United Nations inspectors who visited the region in May found hundreds of water pumps in Denguele's villages were broken. They concluded that restoring the water supply was vital to avoid the spread of diseases such as cholera.


And while economic corridors have been carved through a buffer zone manned by French and U.N. troops separating the North from South, banks have been closed for two years, and the decline in economic activity has increased poverty.


Undeterred by slow trade since the war, Doukoure Lamine, 68, sells pottery made by his two wives in the foyer of an Odienne hotel — a symbol of happier times when tourists came to the area bordering Mali and Guinea. He mans his stall to try to repay a loan for drugs used to treat one of his spouses when she fell ill with typhoid fever.

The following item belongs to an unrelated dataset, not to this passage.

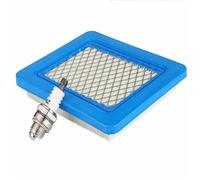 Filtre Air Tondeuse Bougie pour Briggs & Stratton Moteurs Srie 625 650 675 491588 399959 491588S Wolf 2058411 Honda GCV Accessoires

"Hospitals here don't have medicines," he said. "I had to borrow more than 50,000 CFA (US$93) to buy them at the chemist and give them to the doctors. But now my wife is better, thank God."


He says there are others who may not be so lucky if struck by serious illness because they are forced to rely on cheaper, traditional remedies.


"A lot of people are getting by with indigenous medicines made from leaves and roots, but you can't treat typhoid with that," he said.


AIDS on the Rise


Local officials in Odienne say the increase in poverty and unemployment since the 2002 rebellion — and a rise in promiscuity that has followed — means years of progress in the fight against the spread of HIV/AIDS are also being undone.


Rebel officials in their stronghold of Bouake some 220 miles from Odienne say Ivory Coast's power-sharing government, which was born out of a January 2003 peace deal and includes three rebel ministers, should help more.


Mamadou Togba, a New Forces official in charge of social affairs, says unless the government sends doctors and medicines to the North, there could be a "a humanitarian catastrophe." He warned that diseases in the North could spread quickly to the South as the country's faltering peace process drags on.


"Without an iron curtain, illnesses which had been wiped out could return to the South," he said, addressing a team of diplomats and aid workers touring northern towns last month. "Are we going to let people die while we wait for our civil servants to return?" he asked. "We are sounding the alarm."